▶ **PROBLEM DESCRIPTION**
Lines to return, exactly: from the line with "Apartamento Cerca De" to the line with "2015 Ford Explorer, $12499. Photo 5" in the entries below, both included.

▶ **Brief descriptive captions**
Start of Block

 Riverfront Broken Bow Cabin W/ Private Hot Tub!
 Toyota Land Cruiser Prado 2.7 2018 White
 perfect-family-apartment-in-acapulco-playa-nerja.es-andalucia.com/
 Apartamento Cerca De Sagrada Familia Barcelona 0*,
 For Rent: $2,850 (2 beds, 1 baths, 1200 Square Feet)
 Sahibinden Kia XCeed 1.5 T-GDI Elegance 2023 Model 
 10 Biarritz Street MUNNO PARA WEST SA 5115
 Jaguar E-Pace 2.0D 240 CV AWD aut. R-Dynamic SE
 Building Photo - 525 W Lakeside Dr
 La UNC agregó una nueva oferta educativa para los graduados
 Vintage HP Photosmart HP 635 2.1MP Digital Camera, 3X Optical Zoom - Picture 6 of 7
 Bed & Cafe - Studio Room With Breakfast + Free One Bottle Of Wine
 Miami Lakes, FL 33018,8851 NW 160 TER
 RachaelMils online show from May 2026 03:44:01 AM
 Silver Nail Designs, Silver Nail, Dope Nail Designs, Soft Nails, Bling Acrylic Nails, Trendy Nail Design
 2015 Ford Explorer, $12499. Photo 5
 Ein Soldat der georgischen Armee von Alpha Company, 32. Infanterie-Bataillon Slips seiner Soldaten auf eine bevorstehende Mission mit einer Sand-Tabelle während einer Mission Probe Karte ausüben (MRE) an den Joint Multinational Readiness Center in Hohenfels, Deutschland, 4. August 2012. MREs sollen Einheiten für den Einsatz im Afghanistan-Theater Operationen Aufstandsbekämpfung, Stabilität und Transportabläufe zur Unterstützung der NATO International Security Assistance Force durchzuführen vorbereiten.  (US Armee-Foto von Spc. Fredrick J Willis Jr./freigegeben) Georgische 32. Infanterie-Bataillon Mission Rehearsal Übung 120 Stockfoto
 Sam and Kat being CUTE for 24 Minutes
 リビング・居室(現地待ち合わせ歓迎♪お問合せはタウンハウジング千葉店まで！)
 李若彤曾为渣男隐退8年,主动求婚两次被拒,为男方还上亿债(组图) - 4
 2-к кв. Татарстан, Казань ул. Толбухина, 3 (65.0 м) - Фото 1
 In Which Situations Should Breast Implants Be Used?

End of Block

▶ **EXERCISE ANSWER**
 Apartamento Cerca De Sagrada Familia Barcelona 0*,
 For Rent: $2,850 (2 beds, 1 baths, 1200 Square Feet)
 Sahibinden Kia XCeed 1.5 T-GDI Elegance 2023 Model 
 10 Biarritz Street MUNNO PARA WEST SA 5115
 Jaguar E-Pace 2.0D 240 CV AWD aut. R-Dynamic SE
 Building Photo - 525 W Lakeside Dr
 La UNC agregó una nueva oferta educativa para los graduados
 Vintage HP Photosmart HP 635 2.1MP Digital Camera, 3X Optical Zoom - Picture 6 of 7
 Bed & Cafe - Studio Room With Breakfast + Free One Bottle Of Wine
 Miami Lakes, FL 33018,8851 NW 160 TER
 RachaelMils online show from May 2026 03:44:01 AM
 Silver Nail Designs, Silver Nail, Dope Nail Designs, Soft Nails, Bling Acrylic Nails, Trendy Nail Design
 2015 Ford Explorer, $12499. Photo 5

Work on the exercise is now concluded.